Cabinet firm ramping it up

It’ll add 150 jobs in Sherwood

Custom Aircraft Cabinets Inc. owners Mike Gueringer (left) and Paul Reesnes (center) applaud as Gov. Mike Beebe speaks Friday in Sherwood during a news conference to announce plans for 150 new jobs at the company.
Custom Aircraft Cabinets Inc. owners Mike Gueringer (left) and Paul Reesnes (center) applaud as Gov. Mike Beebe speaks Friday in Sherwood during a news conference to announce plans for 150 new jobs at the company.

— Custom Aircraft Cabinets Inc. of North Little Rock said Friday that it will hire 150 workers and invest $5.9 million in an expansion at a former retail store in Sherwood.

The announcement comes 23 years after the company began operations in the garage of the parents of Mike Gueringer, co-owner of the company with Paul Reesnes.

The company, which makes high-quality cabinets and upholstery for private aircraft, has 140 employees and plans to hire the 150 workers over the next two years, paying each between $31,000 and $41,600 a year. In addition, an affiliated company of Custom Aircraft Cabinet — Reliable Fire Protection — will hire another 20 employees at $41,600 each a year.

Custom Aircraft Cabinets received almost $634,500 in state funding from the governor’s quick-action closing fund to go toward renovating the 146,000-square-foot former National Home Centers building on Landers Road in Sherwood, adjacent to Sam’s Club.

The state also will provide the cabinet firm with an income tax credit of 1 percent of payroll for the next five years and will provide sales-tax refunds on eligible building materials and machinery associated with the expansion.

The company’s expansion is “breaking the trend” in the industry, Gov. Mike Beebe said at Friday’s announcement. Some companies in the industry are reducing their work forces.

Hawker Beechcraft, which does finishing work on private jets in Little Rock, said a month ago that it would lay off 170 of its approximately 450 employees at the plant. A Chinese firm has offered to pay $1.8 billion to acquire Hawker Beechcraft, a Wichita, Kan., firm that is in bankruptcy. Another jet-maker, Dassault Falcon Jet, laid off about 150 workers in Little Rock three years ago.

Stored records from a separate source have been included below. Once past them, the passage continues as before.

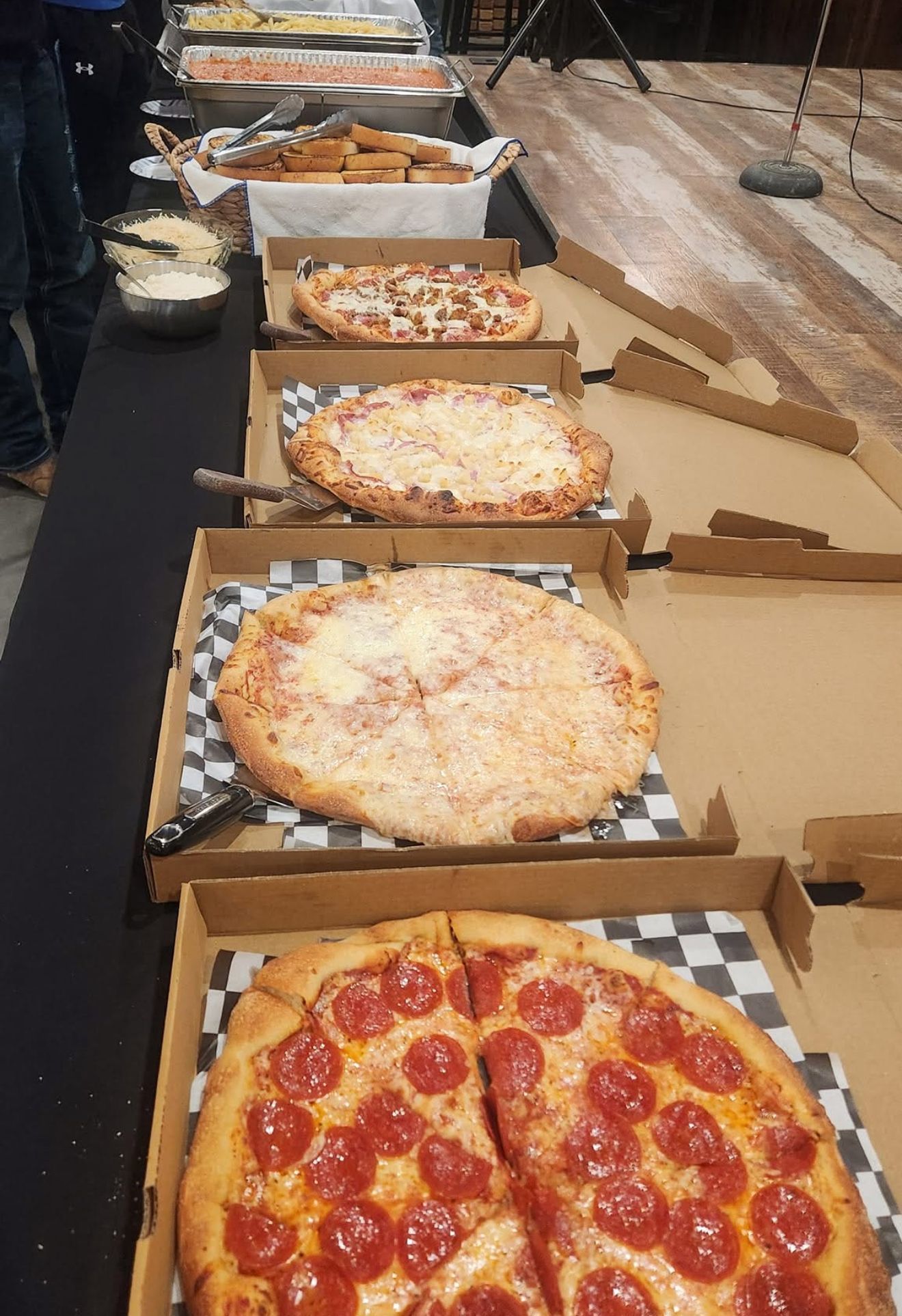 Line of open pizza boxes on a buffet table, with several pizzas and one pepperoni pizza in front.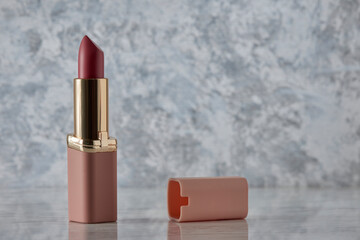Labial rosa con su tapa tirada a un costado sobre una superficie de mármol blanco y espacio para...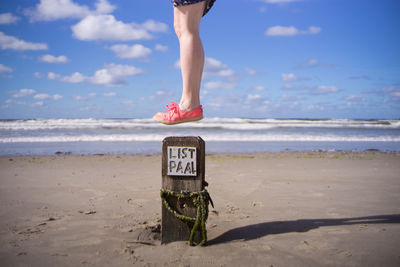 Scenic view of woman jumping at beach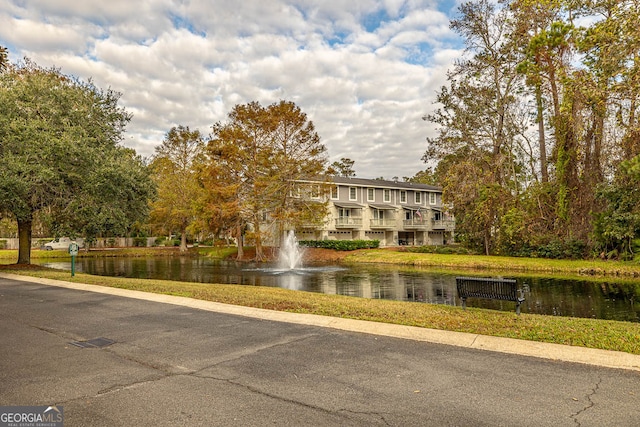 exterior space with a water view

Hawker Beechcraft and Dassault Falcon Jet are customers of Custom Aircraft Cabinets, as well as Midcoast Aviation, Gueringer said. Midcoast Aviation is now known as Jet Aviation of St. Louis, which does aircraft maintenance and modification.

Also in early August, LM Windpower said it would lay off more than 230 employees at its turbine blade plant at the Little Rock Port, including all of its 140 temporary workers.

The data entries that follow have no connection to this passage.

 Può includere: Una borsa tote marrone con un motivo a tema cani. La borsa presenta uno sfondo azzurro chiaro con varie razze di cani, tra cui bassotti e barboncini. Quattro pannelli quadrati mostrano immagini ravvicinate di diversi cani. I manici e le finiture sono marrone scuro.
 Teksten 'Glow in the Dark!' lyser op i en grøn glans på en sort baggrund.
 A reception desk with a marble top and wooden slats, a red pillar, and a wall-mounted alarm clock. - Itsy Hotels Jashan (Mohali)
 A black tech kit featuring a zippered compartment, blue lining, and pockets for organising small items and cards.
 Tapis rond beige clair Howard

On the other side of the coin, Caterpillar Inc., which has a 700,000-square-foot plant in North Little Rock, said in March that it would hire 125 workers to start a third shift.

Reesnes said Custom Aircraft Cabinets has been contacted by some of its customers recently, seeking more products.

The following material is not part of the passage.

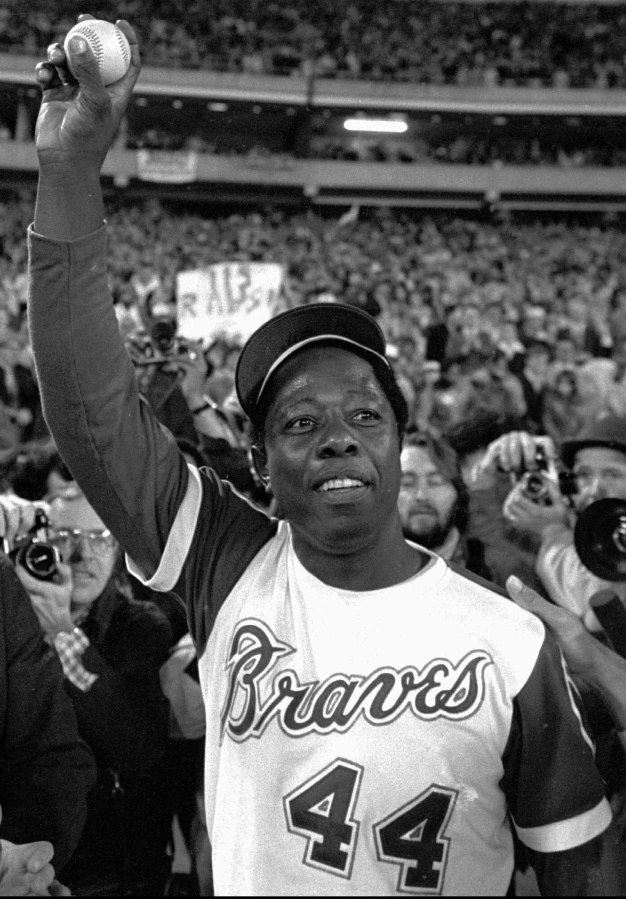 Baseball player Hank Aaron holds aloft the ball he hit for his 715th career home in Atlanta. Aaron, who endured racist threats with stoic dignity during his pursuit of Babe Ruth but went on to break the career home run record in the pre-steroids era, died early Jan. 22, 2021. He was 86.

“They’ve been watching us over the 23 years and know our reputation,” Reesnes said. “They are getting busy and are needing help.”

Gueringer said the company gets numerous calls from businesses that say they are unhappy with their current suppliers.

“We just don’t have complaints about the quality of our work,” Gueringer said.

The business aviation industry has been in an “incremental recovery” for the past couple of years, said Dan Hubbard, senior vice president for the National Business Aviation Association in Washington, D.C.

“What we’re seeing at this point in the economy is a mixed picture in the aviation industry,” Hubbard said. “By any metric you would use — flight hours, aircraft sales, size of the preowned aircraft fleet and employment — there was a downward turn in late 2008 and 2009. It was not until sometime in 2010 before you started seeing things stop getting worse.”

There are a lot of small and midsize companies across the country in the business aviation industry that have recently started showing improvement in business, Hubbard said.

Reesnes said companies that make and work on small private jets, but not larger private jets, have been hurting.

“Everything has taken a hit in this economy and everything has slowed down, but now we’re seeing signs that everything is starting to pick back up again,” Reesnes said.

Before beginning Custom Aircraft Cabinets in 1989, Reesnes and Gueringer worked for several firms, including Dassault and a jet-finishing company that has since gone out of business.

The two said they had a dream to start their own business, so they first prayed about it.

“And God told us that was a good thing to do, and He would be with us,” Reesnes said.

In August 1989, they quit their jobs and opened shop in Gueringer’s parent’s garage. Gueringer was 36 at the time.

It was difficult at first to get contracts because the two were unknown to manufacturers of private jets.

“It was just cold calling, begging for an opportunity to show them what we could do,” Gueringer said.

They repeatedly talked to officials at what was then Midcoast Aviation’s headquarters in St. Louis. Eventually, Midcoast invited the two to St. Louis to show what they could do, Gueringer said.

One of the first jobs they worked on was building cabinets for Walt Disney’s first corporate airplane, a Gulfstream turboprop, the two said.